Связки сморщенных пряных плодов.

Разных колбас. Разных хлебов. Немцы покушать не дураки.

А рядом за столиком круглолицый крестьянин продает кожаные туфельки для тех, кто еще не умеет ходить. Внутри мех и зашито по швам саморучно.

Ночью в мою кладовочку, где я сплю на каком-то сундуке, доносится запах кардамона, корицы. Черного перца, мятных зеленых листиков. Зеленые мятные листики немцы едят с помидорками.

А накануне мы с фрау Кнут купили гигантскую тыкву. Фрау Кнут, смеясь, торговалась со смирным крестьянином. Носогубная складка у нее была, как у девочки.

Мы ее прикатили, «на восемь супов! Мой Фриц будет искренне рад!».

И ночью пошла работенка. Закипело, забулькало.

Даже не в том дело, что фрау хромает, щеки румянит, а брови чернит, а почему же петли визжат и скрежещут всю ночь?!

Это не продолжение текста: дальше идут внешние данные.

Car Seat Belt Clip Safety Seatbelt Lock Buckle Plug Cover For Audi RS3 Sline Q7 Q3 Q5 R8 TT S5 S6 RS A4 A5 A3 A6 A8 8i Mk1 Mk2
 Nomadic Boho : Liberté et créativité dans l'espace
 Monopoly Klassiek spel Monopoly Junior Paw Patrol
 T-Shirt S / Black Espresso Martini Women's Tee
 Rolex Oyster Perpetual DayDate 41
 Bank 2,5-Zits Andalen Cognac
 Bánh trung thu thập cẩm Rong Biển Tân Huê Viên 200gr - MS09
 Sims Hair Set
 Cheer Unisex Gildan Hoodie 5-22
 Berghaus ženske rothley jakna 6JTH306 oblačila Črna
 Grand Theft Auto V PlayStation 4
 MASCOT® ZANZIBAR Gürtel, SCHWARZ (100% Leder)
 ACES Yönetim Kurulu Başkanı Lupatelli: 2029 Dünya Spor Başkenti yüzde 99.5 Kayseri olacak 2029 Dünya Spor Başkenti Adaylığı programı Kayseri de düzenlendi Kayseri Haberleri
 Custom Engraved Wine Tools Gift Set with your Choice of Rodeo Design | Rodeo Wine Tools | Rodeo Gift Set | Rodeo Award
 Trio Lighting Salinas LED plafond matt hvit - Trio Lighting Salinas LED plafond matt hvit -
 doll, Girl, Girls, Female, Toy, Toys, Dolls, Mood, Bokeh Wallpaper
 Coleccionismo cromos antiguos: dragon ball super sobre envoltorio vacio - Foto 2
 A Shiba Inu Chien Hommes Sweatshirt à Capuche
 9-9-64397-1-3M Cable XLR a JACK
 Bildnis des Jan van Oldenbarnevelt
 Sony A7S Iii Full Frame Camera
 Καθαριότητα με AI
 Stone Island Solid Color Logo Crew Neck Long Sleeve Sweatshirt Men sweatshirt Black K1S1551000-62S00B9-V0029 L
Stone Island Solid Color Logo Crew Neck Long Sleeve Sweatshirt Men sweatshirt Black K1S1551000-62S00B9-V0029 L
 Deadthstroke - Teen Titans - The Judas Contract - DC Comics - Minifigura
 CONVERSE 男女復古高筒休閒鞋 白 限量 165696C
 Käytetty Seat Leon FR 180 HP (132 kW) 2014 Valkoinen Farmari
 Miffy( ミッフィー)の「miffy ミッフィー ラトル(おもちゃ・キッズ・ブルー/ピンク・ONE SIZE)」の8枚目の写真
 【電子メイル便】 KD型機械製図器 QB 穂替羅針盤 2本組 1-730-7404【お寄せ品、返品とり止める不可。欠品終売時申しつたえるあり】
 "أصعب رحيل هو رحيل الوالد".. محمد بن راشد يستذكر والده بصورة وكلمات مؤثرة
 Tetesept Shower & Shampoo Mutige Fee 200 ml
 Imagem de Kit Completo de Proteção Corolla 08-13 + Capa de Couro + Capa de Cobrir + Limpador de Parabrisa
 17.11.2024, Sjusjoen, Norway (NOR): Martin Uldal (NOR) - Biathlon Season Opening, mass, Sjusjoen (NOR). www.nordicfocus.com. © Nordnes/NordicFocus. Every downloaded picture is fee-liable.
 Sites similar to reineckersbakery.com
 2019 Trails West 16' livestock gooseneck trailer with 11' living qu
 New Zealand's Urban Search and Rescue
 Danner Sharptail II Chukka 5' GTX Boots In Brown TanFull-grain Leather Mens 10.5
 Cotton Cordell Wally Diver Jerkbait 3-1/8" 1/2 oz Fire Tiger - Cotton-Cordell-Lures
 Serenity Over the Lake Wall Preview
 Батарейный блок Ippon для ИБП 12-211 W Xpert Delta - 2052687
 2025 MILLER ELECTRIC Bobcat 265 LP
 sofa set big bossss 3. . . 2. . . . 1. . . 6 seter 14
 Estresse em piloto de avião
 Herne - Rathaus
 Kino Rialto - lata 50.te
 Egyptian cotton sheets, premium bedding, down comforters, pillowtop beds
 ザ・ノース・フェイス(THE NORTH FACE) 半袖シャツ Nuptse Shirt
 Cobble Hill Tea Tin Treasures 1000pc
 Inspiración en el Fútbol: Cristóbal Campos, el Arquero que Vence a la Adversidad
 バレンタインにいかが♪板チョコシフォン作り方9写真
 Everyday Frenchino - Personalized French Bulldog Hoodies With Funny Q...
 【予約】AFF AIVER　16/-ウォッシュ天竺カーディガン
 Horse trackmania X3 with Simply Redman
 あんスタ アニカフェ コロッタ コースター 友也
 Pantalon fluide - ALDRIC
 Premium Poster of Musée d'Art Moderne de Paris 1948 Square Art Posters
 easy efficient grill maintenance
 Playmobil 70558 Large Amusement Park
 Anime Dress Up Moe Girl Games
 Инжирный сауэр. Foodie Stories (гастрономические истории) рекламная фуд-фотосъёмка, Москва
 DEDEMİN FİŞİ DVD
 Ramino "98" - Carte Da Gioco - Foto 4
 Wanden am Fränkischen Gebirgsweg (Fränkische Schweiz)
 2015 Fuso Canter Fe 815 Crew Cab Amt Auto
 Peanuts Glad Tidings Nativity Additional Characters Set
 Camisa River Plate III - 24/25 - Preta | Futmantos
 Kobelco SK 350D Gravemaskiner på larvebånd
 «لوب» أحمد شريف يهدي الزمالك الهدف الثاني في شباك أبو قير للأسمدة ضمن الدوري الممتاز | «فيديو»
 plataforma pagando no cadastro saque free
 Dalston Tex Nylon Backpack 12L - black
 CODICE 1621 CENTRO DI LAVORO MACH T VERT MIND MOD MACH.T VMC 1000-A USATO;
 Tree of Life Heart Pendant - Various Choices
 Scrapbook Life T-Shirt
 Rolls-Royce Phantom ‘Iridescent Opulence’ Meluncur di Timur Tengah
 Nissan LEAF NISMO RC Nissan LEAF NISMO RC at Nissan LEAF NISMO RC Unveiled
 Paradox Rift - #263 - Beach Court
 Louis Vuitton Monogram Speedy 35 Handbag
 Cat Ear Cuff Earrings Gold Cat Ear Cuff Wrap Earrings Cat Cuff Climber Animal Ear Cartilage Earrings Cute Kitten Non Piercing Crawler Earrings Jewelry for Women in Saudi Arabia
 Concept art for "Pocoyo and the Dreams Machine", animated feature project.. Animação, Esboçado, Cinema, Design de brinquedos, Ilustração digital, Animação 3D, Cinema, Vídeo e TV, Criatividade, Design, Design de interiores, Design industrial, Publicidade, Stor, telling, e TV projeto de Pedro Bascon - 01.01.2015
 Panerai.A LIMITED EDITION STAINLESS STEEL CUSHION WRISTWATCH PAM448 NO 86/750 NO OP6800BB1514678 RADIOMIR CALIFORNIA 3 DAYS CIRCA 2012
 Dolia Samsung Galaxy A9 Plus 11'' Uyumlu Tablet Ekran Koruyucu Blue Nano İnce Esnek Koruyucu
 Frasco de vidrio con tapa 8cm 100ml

Я потихонечку встала, пошла в темноте на дальний свет кухни. У двери жильца не останавливалась я! Дверь на кухню была приоткрыта настолько, что я увидела край синего стола и нашу огромную деревенскую тыкву. Из нее вырублен был солидный ломоть, вырез сиял оранжевым. Было тихо. Только сладко-кисло булькал кипящий суп.

Я подумала, что фрау ушла в кладовку винца попить, я приоткрыла тихонечко дверь и просунула голову. Фрау сидела на стуле лицом к двери. Полузакрыв глаза, она улыбалась накрашенным ртом, она дремала, греясь, добрая старая немка. В животе у нее была открыта дверца, я так и знала — петли заржавлены, а смазать эта фрау не дотумкается. Шелковый, за дверцей пел и гудел огонь, над ним висела белая кастрюлька, а в ней, кисло-сладкий, весело булькал оранжевый тыквенный суп. На радость фрау и фрауниному сыну Фрицу.

Осторожно прикрыв дверь, я тихохонько пробежала в свою кладовку и скользнула под старый фраунин халат (она отдала его — укрываться).

Слабею я на твоей земле, пойми ж ты! Вот я думаю, что у меня есть? Да ничего.

Жилец, не поднимая глаз, прикажет, я несу, не поднимая глаз, ставлю перед ним.

Он слегка кивнет. Он не мне кивнет, а тому, что исполнилось по его. Хотел он чашку? Стоит уже. Стеклянную бутылку с подземной синеватой водой? Здесь она. Задумается. Заглядится в эту воду, брови задрожат и губы, но не заплачет, а встряхнется, нальет в чашку, попьет и пристукнет чашкой по столу! Германец!

А есть у меня все-таки зарплата фрау Кнут.

«Дозволь с твоим мужем ночь перебыть».

Я говорю:

— Фрау, возьми мои дойчмарки с серебряной полоской посередке. Загляденье!